Creating an Infrastructure for the Numerical Exploration of Metallurgical Alloys

Manufacturing has considerable economical, technological, and environmental importance at the global scale, impacting fields such as transportation, energy, safety, and healthcare, among others. In this sector, due to the complex links existing between materials processing, microstructure, properties, and their performance, the discovery of new materials has, for centuries, relied on costly and ineffective trial-and-error experiments. However, with the advent of high-performance computing, this paradigm is ready to be guided and made substantially more efficient (in terms of both time and resources) by the use of “computational experiments”, provided that the appropriate physics and scales are appropriately integrated. Within this context, the key objective of this project is to build a computational infrastructure for computational exploration of alloys, by adapting, combining, and linking together different materials models, at different scales, and with different purposes – e.g. models linking processing to microstructures to other models linking microstructures to properties. With a strong focus on metallic materials produced by solidification processing (e.g. casting, welding, or additive manufacturing), this project shapes the foundations for computational discovery of structural materials and the optimization of metallurgical process.

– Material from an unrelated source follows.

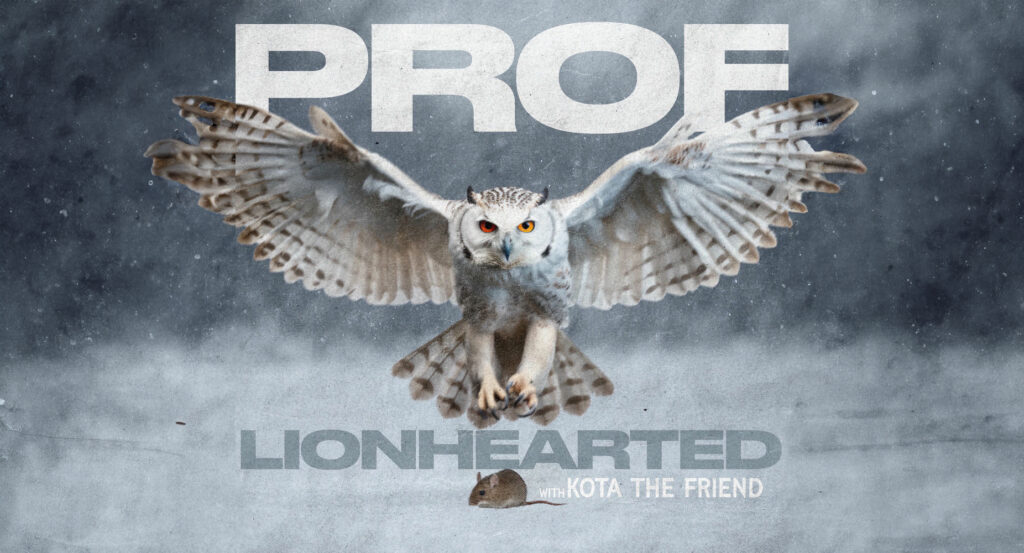 Prof - Lionhearted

In this project, we build links between material models, in order to close the loop between processing, microstructure, and properties in solidification processing of metallic alloys. More specifically, we combined: (1) the CalPhaD method, used to calculate the phase diagrams and thermophysical properties of complex multicomponent technological alloys (e.g. Ni-based superalloys); (2) the phase field (PF) method, used to simulate dendritic growth at the scale of the individual dendrite, and thus to obtain morphological details and the so-called “tip selection parameter” critical to link the dendrite morphology to its growth velocity; (3) the multiscale dendritic needle network (DNN) approach, which allows upscaling PF simulations to full dendritic arrays, in a typical solidification regime for concentrated alloys for which the PF method becomes computationally unfeasible; and (4) a FFT-based crystal plasticity framework that predicts the mechanical behavior of heterogeneous microstructures, thereby allowing the full linking from processing to microstructure to properties. In addition to this particular computational framework, we also explored alternative pathways for linking microstructure evolution to micromechanics (e.g. coupling a meshless crystal plasticity framework to the phase-field method) and the extension of our multiscale solidification model to more realistic processing conditions (e.g. incorporating gravity-driven fluid flow in the liquid phase). During its execution, the project has led to the publication of four peer-reviewed articles (with two more full-length articles in preparation at the date of closing of the project), a dozen talks at international conferences (e.g. ICASP, EUROMAT, MCWASP), industry workshops (e.g. Airbus ICME workshop 2019), and invited seminars at international institutions (e.g. Institut Jean Lamour in France, and Argonne National laboratory in the USA), as well as a half-dozen of communication and outreach events aimed at broad audiences of all ages and backgrounds (e.g. Madrid Science & Innovation Fair 2019 and the European Researcher’s Night 2020).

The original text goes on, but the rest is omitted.